══ The data ══

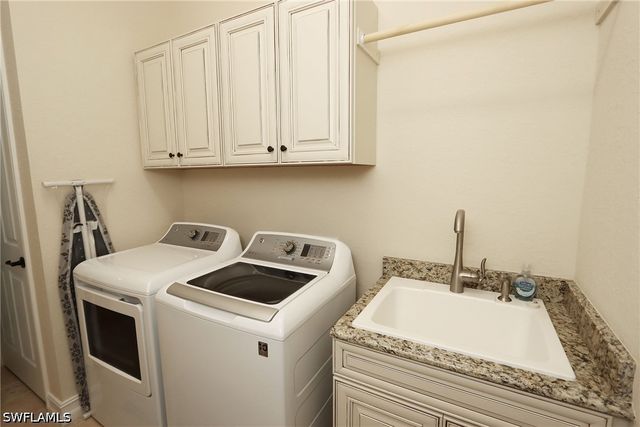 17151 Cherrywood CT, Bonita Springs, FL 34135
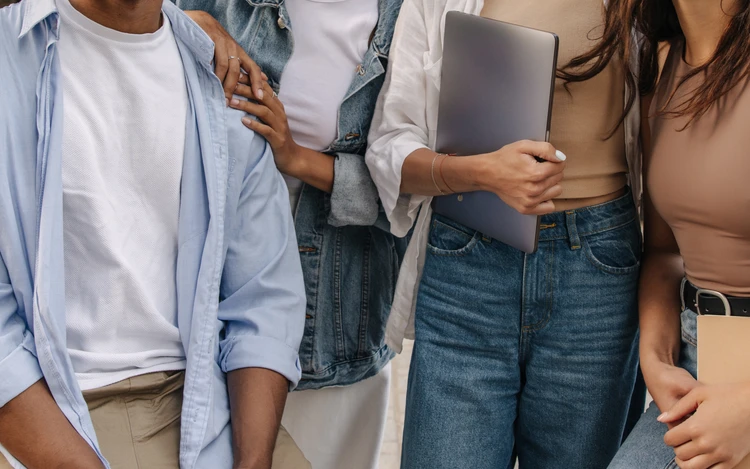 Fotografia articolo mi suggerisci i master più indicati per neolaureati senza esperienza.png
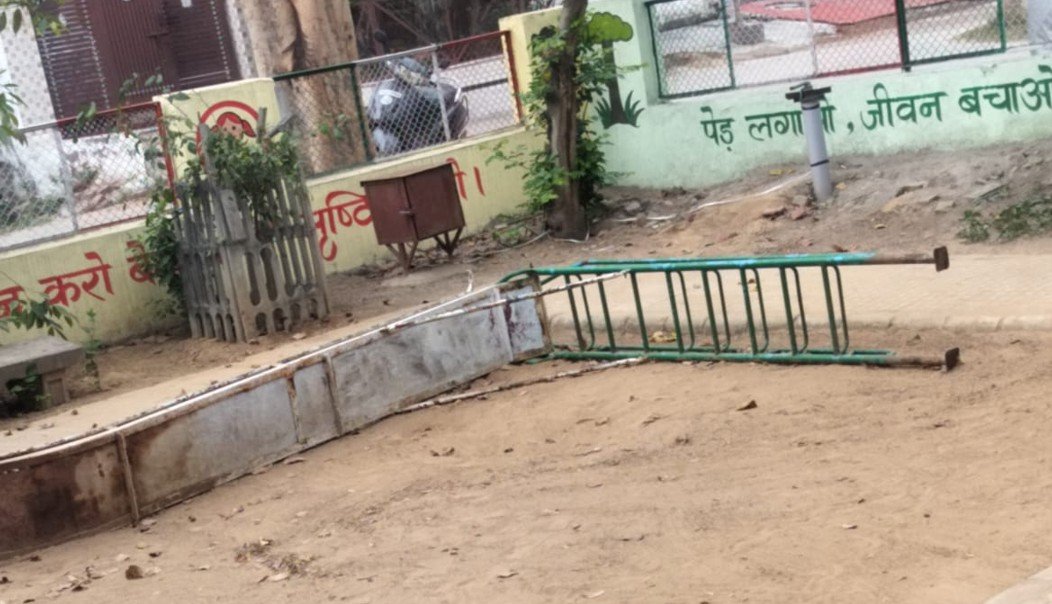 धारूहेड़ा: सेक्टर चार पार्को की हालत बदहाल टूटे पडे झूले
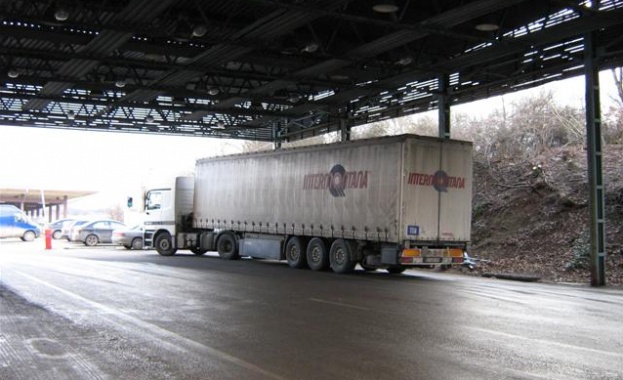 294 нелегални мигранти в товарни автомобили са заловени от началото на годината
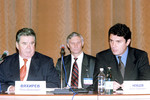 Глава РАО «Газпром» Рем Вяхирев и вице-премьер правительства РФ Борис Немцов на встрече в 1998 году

═══

▶ [What you have to do]: Return the preceding entries exactly, each word as given, but leave out any picture.

▶ [Answer]:
 17151 Cherrywood CT, Bonita Springs, FL 34135
 Fotografia articolo mi suggerisci i master più indicati per neolaureati senza esperienza.png
 धारूहेड़ा: सेक्टर चार पार्को की हालत बदहाल टूटे पडे झूले
 294 нелегални мигранти в товарни автомобили са заловени от началото на годината
 Глава РАО «Газпром» Рем Вяхирев и вице-премьер правительства РФ Борис Немцов на встрече в 1998 году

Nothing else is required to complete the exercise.